This cross-sectional study was designed to include all patients receiving treatment for Drug Resistant TB over a period of one year. So, there was no prespecified sample size for this study. This study was conducted at DR-TB centre, Burdwan Medical College and Hospital. Permission of Institutional Ethics Committee was obtained for the study. Written informed consents were obtained from all participating patients. 75 patients were included in the study. They were followed every month for 6 (9) months in intensive phase after the start of 2nd line drugs and adverse drug reactions were recorded, as the maximum adverse reactions usually occur in this period. Treatment was given as per guidelines by Revised National TB Control Program PMDT (programmatic management of drug-resistant TB) (erstwhile DOTS Plus).5 The Drugs used in this study are Kanamycin, Tablets Levofloxacin, Ethionamide Cycloserine, Ethambutol, INH for Rifampicin Resistant TB. Kanamycin, Levofloxacin, Ethionamide, Cycloserine, Pyrazinamide, Ethambutol for Multi Drug Resistant TB. Capreomycin, PAS, Moxifloxacin, High dose INH, Clofazimine, Linezolid, Amoxiclav for XDR. Correlation of the adverse reactions with the offending drug was done by WHO-UMC Causality Assessment Scale. After selection of each patient on the basis of inclusion and exclusion criteria a written informed consent was taken. Data was collected using a pretested pro forma meeting the objectives of the study. Detailed history, physical examination and necessary investigations were undertaken.
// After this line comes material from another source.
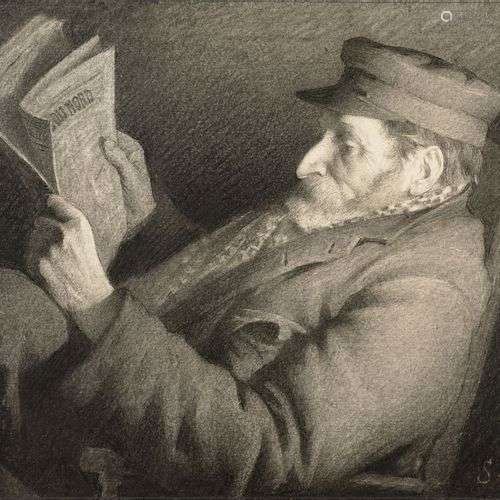 Silas BROUX Roubaix, 1867 - Alençon, 1957Vieil homme lisant ...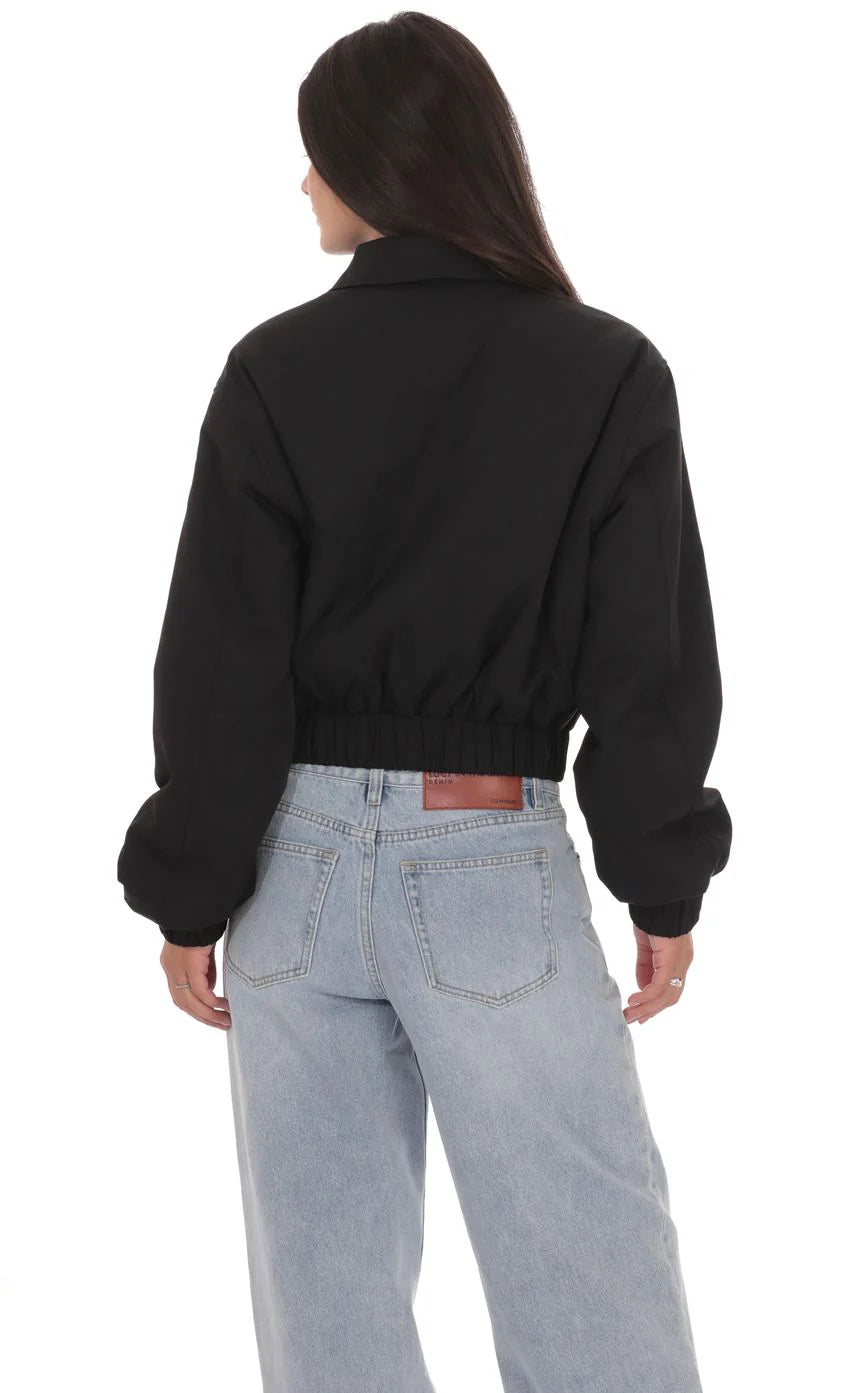 Collared Bomber Jacket in Black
The purpose of the study was explained to the patient and informed consent obtained. At the end of the study the data was complied, tabulated for analysis.

 

Inclusion Criteria

  1. Patient of age >18 years.
  2. Both sexes.
  3. Patients with proved drug resistant tuberculosis.

 

Exclusion Criteria

Patients admitted <7 days in DR-TB Centre.

 

Parameters Studied

  1. HB%, TC, DC, ESR.
  2. Blood urea, serum creatinine.
  3. Liver function test.
  4. FBS/ PPBS.
  5. Sputum for AFB stain and gram stain.
  6. Line probe assay.
  7. Urine albumin, sugar and microscopy.
  8. Chest X-RAY PA view.

 

Statistical Analysis

All the collected data were analysed by using SPSS version 16 statistical software. Descriptive statistics were applied to the data. All data were presented as number and percent. Chi Square Test and Fisher exact test were applied wherever applicable to find out statistical differences and p value <0.05 were considered statistically significant.

RESULTS

In our study among the 76 cases, most of them were pulmonary Tuberculosis (96%) whereas only 4% were Extra Pulmonary Tuberculosis. Majority were from age group 21-30 (44%), that is, the most productive age group of life. Majority 64% either studied up to 5th standard or are illiterate (fig. 1). Majority (95%) live in a Kuchcha house. 32% of patients were farmers, 23% were housewives and 12% were labourers. Most of them (84.2%) had no co morbidities but among the rest a significant number of patients (6.6%) had Diabetes Mellitus. In our study 50 patients are Rifampicin Resistant (RR), 25 patients are MDR, 1 patient is XDR. Majority 67 out of 76 had a history of incomplete ATD intake (88.2%). Biological specimen: sputum CBNAAT/ LPA/ DST MTB detected, Rif resistant was found in 71 patients, MTB detected, Rif resistant by CBNAAT in FNAC of lymph node for 3 patients and both sputum & pleural fluid CBNAAT MTB detected, Rif Resistant for 2 patients. Chest X-Ray features showed that a majority: 41 patients had bilateral consolidation and 21 patients had cavitary lesion. Overall compliance in IP: 63 patients had taken regular medication and 13 patients took irregular treatment or were lost to follow up. 3 patients died in each, regular and irregular treatment.

Figure 1. Age Distribution of MDR and XDR TB Patients

 

Figure 2. Gastrointestinal System Related ADRs

 

Adverse drug reactions related to Gastrointestinal system like nausea, vomiting, heart burn and sulphurous belching were noted in most of the patients and these were more common after initiation of treatment (fig 2). Among the GI related symptoms, incidences of emesis (nausea & vomiting) were higher than even cumulative of all other GI related ADRs and the difference was statistically significant (p, <0.0001).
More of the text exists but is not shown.